Tuberculomas are multiple in 10% to 25% of patients.84,85,87 The appearance of tuberculomas on CT depends in part on the maturity of the tuberculoma. Immature tuberculomas are initially nonenhancing with low attenuation on CT.93 They are rarely detected at this stage, however, because they are seldom symptomatic. At this early stage, they can be confused with a low-grade glioma, infarction, or cholesteatoma. As the granuloma forms, tuberculomas become isointense or slightly hyperdense on CT, with solid, ring, or mixed contrast enhancement. A circumscribed nodule with a central spot of radiolucency is highly suggestive of caseation and tuberculoma.93 Central calcification in a ring-enhancing lesion, or the “target sign,”94 is suggestive of but not pathognomonic for tuberculoma.95 Healed tuberculomas often leave calcifications. Based on the size of the lesion and the degree of midline shift, it is possible to differentiate tuberculomas from the small granulomas of cysticercosis;96 however, CT alone may not be specific enough to diagnose tuberculomas. CT has high sensitivity but a positive predictive value of only 33% for diagnosing CNS tuberculomas when used with the clinical history.97 Tuberculous abscesses are hypodense and ring enhancing on CT, with findings similar to those of pyogenic abscesses. Because TB abscesses behave more aggressively, edema and mass effect are common.
On MRI, tuberculomas are typically isodense (to gray matter) centrally on T1-weighted images and isointense to hypointense on T2-weighted images.98,99 An example of this appearance is shown in Figure 151-5. This central isointensity (or mixed isointensity and hyperintensity) has been correlated with caseous necrosis.100 A slightly hyperintense rim is commonly seen on T1-weighted images and corresponds to the fibrous collagen capsule of a mature tuberculoma. A second rim of hypointense signal has also been reported and is thought to correspond to a layer of outer inflammatory infiltrates. Tuberculomas typically show ring enhancement with gadolinium. The enhancement pattern can be a single ring or a series of concentric rings.

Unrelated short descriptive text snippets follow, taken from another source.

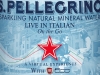 S.Pellegrino - Special Edition Fiat 500. World-wide da Luglio 2012.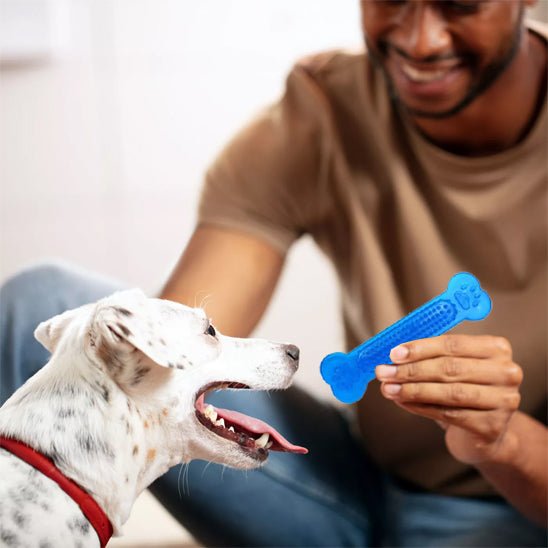 Jouet pour Chien Indestructible - Résistant, Sûr et Anti - Ennui - Dognpuppytoys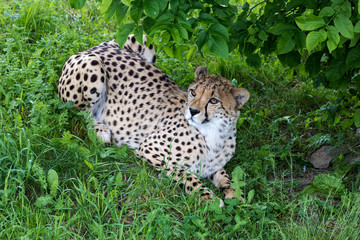 Cheetah standing in the grass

Mature tuberculomas can be differentiated from pyogenic abscesses by the central hyperintensity usually seen in pyogenic abscesses on T2-weighted images. However, noncaseating tuberculous lesions can be hyperintense on T2-weighted images, with nodular enhancement. Tuberculous abscesses similarly show a central area of hyperintensity on T2-weighted images. The variability in appearance of tuberculomas and tuberculous abscesses on MRI and CT sometimes makes them difficult to differentiate from neoplasms, pyogenic abscesses, and other granulomatous diseases such as sarcoidosis, cysticercosis, and toxoplasmosis.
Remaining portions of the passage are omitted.